Lamb Eaters, Read On
We would like to announce that we have returned to our original farming enterprise of raising sheep. A flock of Horned Dorsets have joined the ranks. While beets, salad greens and tomatoes may not be available right now, lamb meat is.
Here is the info if you would like to partake of the winter time bounty.
If you eat meat, if you care about eating meat from animals that are treated well, there are many very good reasons to choose to make your purchases at small local farms. You can identify and support farmers who
- use sustainable and environmentally friendly farming practices
- raise antibiotic- and hormone-free animals
- allow animals to roam and eat grass rather than factory-farmed grain
- treat the animals just as humanely and with respect at the end of their lives
- value the symbiotic relationship between farmer, animal, and consumer
An added benefit? Meat tastes better when raised with these principles. It just does.
Local meat may be more expensive than factory-farmed, but not outrageously so. Remember what you support when you pay $8 per pound instead of something like $7 per pound: excellence, sustainability, health, community. And remember you can keep costs level with what you might spend in a grocery store just by eating less meat. Consume less meat but of better quality and everyone wins: your farmers, your local economy, the environment, the animals, and you.
A day or two after I got the email from the farm, I called farmer Richard Rosenburg and placed my order from the selection of lamb ribs, stew meat, leg roast and shoulder chops. I was able to pick up the meat the same day direct from Rosenburg’s antique salt box home set on the rural acreage at the outskirts of town. The day was unseasonably mild and Richard was already in the field removing stones by hand as he prepared the land for planting. He took a break to sell me a leg of lamb and a package of shoulder chops, perfect for braising. The leg of lamb is now in the freezer for Easter dinner. But the chops made an excellent Sunday supper this weekend, prepared Provençal-style with tomatoes, potatoes, black olives, and lots and lots of garlic. The lamb was delicately flavored – sweet – tender from its stress-free raising, and lean. It tasted the way lamb should.
Two bone-in chops, 1-1/4 pounds total ($11), fed three grown people with one serving left over, and there were plenty of vegetables to go around. No one left the table hungry.
Lamb Shoulder Chops Provençal (serves 2-4, depending on appetite and occasion)
- 4 Tbsp. olive oil
- 2 lamb shoulder chops, about 1 1/4 pounds total
- salt, pepper
- 4-6 garlic cloves, cut into slivers
- 1 14-ounce can of diced tomatoes (or an equal amount fresh, chopped in season)

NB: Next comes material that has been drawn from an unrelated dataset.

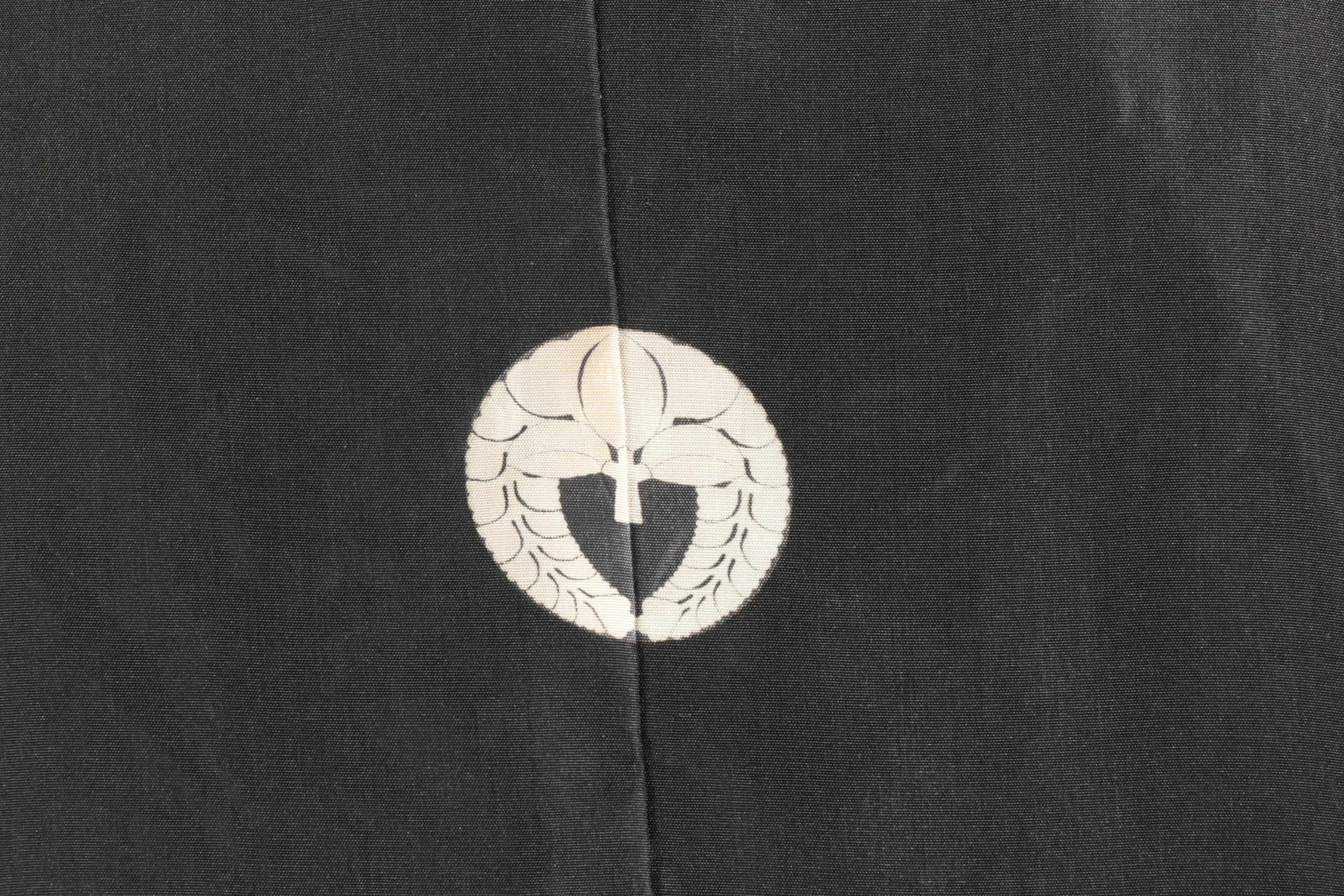 Asian Inspired Black Silk and Crepe Kimonos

- 1 1/2 pounds small yukon gold potatoes, diced into 1/2 to 3/4-inch pieces
- 2 yellow onions, sliced thin
- 1 cup white wine
- 1 bay leaf
- 2 thyme sprigs
- 1/2 cup pitted black olives, either kalamata or oil-cured
Preheat the oven to 375 degrees.
Add the diced tomatoes to the bottom of a ceramic baking dish about 13″ by 9″ in size. Scatter the chopped potatoes over the tomatoes. Set the dish aside.
Place a heavy large skillet over medium high heat. Add the olive oil and heat. Add the garlic slivers and saute while stirring until golden, about a minute. Remove the garlic from the oil and set aside.
Sprinkle the lamb chops with salt and pepper on both sides. Add these to the pan and sear until golden brown on both sides. Remove to a plate and set aside.
To the still hot skillet add the onions along with the bay leaf. Salt and pepper lightly. Stir to caramelize the onions. When golden, add the wine to the skillet and deglaze the pan, scraping up the browned bits from the bottom. Add to the thyme and let the mixture simmer for 2 minutes. Remove from heat. Off the heat, add the garlic and the olives to the pan and stir to combine.
Nestle the 2 chops on top of the tomatoes and potatoes in the baking dish. Add any meat juices that have collected on the plate to the baking dish. Pour the onion-wine-olive-herb mixture over the top of the meat and vegetables.
Place the casserole in the preheated oven and bake for about 1 3/4 hours. At a couple of points in the baking, baste the casserole with the pan juices.
Serve a chop or slices from the chops on a plate with a generous portion of the vegetables.